SOY CHICHO, EL ZOMPOPO
(Cuento Infantil)
Escrito por: INVALDI

Caminaba, firme y decidida, la fila de zompopos: ¡Uno, dos! ¡Uno, dos! Todos iban concentrados, siguiendo el uno al otro. Eran como trescientos quince zompopos, la mayoría colorados, con sus ojotes negros. Musculosos, con sus patas torcidas pero bien puestas y sus dientudas bocas ¡amenazantes! Con sus dos tenazas como pinzas filudas.

Cada uno de los trescientos quince zompopos llevaba en su coqueto lomo, un pedazo de hoja verde. Otros más haraganes llevaban pedacitos de arena o una milésima de paja seca. Estos eran los que menos hacían pero los que más molestaban y los que querían que todos fueran como ellos.

En medio de la fila iba Chicho, un zompopo del que algunos se reían. ...Es que Chicho era un zompopo algo especial, muy diferente a todos: caminaba medio raro, hablaba como “para adentro” y su color era como “verde achocolatado.” Más parecía morado. Y por si fuera poco, tenía dos cinturas, a cambio de la única y bien formada de todos.

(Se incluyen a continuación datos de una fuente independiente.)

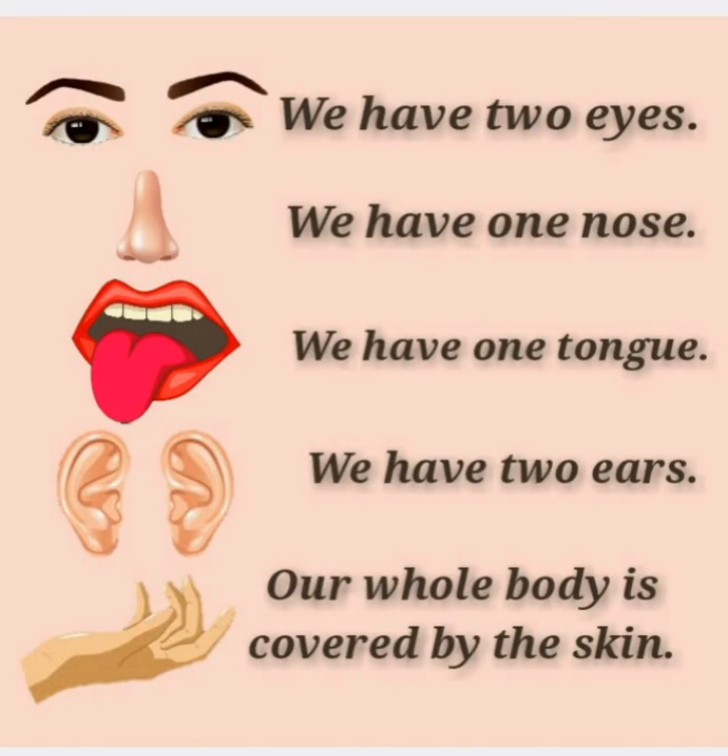We have two eyes, one nose, one tongue, two ears, and our whole body is covered by the skin. So children, this is all about the sense organs.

Chicho era muy trabajador, bien portado y de buenos sentimientos. A veces se llevaba dos cargas en cada viaje y ayudaba a los más débiles, que prácticamente eran la mayoría, y quienes estaban intimidados por los corpulentos haraganes.

El ultimo de la fila, a quien todos llamaban “El Ronco” que se auto nombró el jefe de todos, se salió de la bien formada columna y empezó a caminar más rápido que los demás hasta pasar a la par de Chicho y le dijo: - ¡Tu no eres de los nuestros!- Y con una voz más potente le gritó: - ¡Deberías salirte y quedarte aquí, entre los barrancos secos y llenos de espinas!-

El pobre Chicho agachó su cabeza y empezó a caminar más despacio. De sus ojos cayeron dos espesas lágrimas que hicieron un poco de lodo que unos cuantos esquivaron.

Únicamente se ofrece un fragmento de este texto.